Orang tua yang melahirkan anak tanpa kesiapan bukanlah pahlawan, bukan pula pejuang, mereka adalah penyebab luka generasi berikutnya. Tidak ada yang heroik dari melahirkan banyak anak lalu membiarkannya bertarung dengan dunia sejak usia dini. Apalagi jika alasannya karena percaya bahwa “Rezeki akan datang sendiri.” Itu bukan Iman itu ilusi. Bahkan dalam Al-Qur’an Surah Al-Isra ayat 31, Allah memperingatkan:
“Dan janganlah kamu membunuh anak-anakmu karena takut miskin. Kami-lah yang akan memberi rezeki kepada mereka dan juga kepadamu. Sesungguhnya membunuh mereka adalah suatu dosa yang besar.”

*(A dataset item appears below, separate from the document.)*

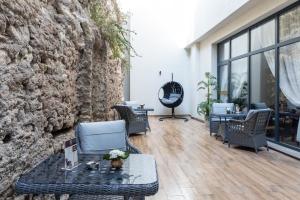 een patio met rieten meubels en een stenen muur bij Carina Gold Hotel in Istanbul
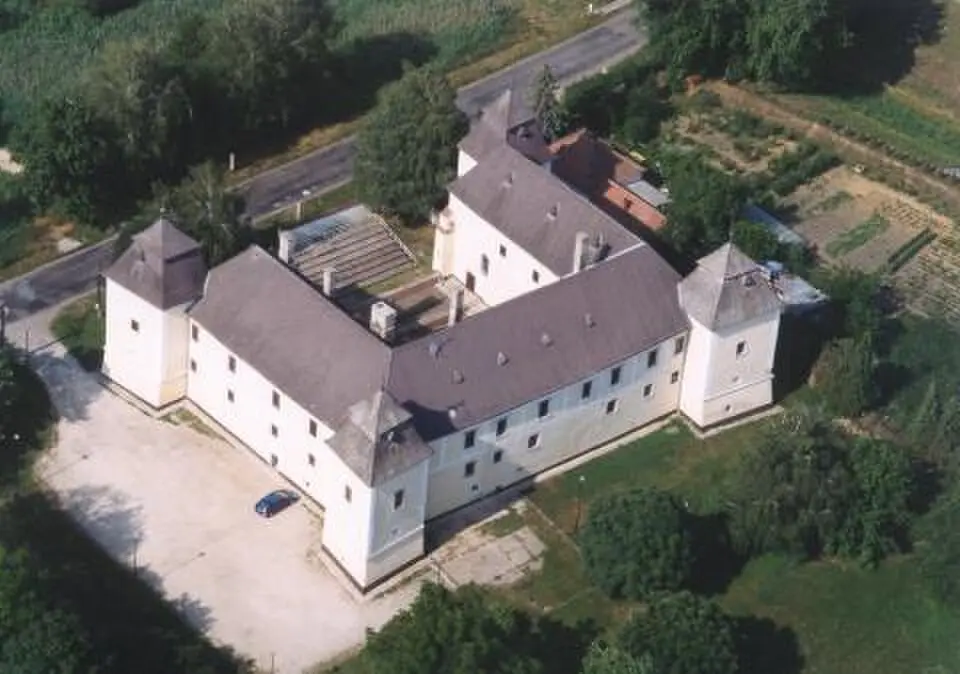 Nádasdy–Széchényi Várkastély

Namun, bagaimana dengan mereka yang tidak dibunuh secara fisik, tapi perlahan dihancurkan secara mental? Tidak diberi makan yang cukup, tidak disekolahkan, tidak diasuh dengan layak, dan hanya dijadikan buruh dalam rumah sendiri? Bukankah itu juga pembunuhan yang lebih kejam karena dilakukan perlahan?
Kepada para orang tua miskin yang terus memproduksi anak tanpa perencanaan dan hanya berharap pada keberuntungan: Kalian bukan pemberani, kalian egois. Anak bukan alat panen, bukan tiang masa tua; mereka adalah manusia yang membutuhkan cinta, perhatian dan fasilitas hidup yang layak, karena kenyataannya memang pahit, tapi perlu ditegaskan: tidak semua orang tua pantas menjadi orang tua.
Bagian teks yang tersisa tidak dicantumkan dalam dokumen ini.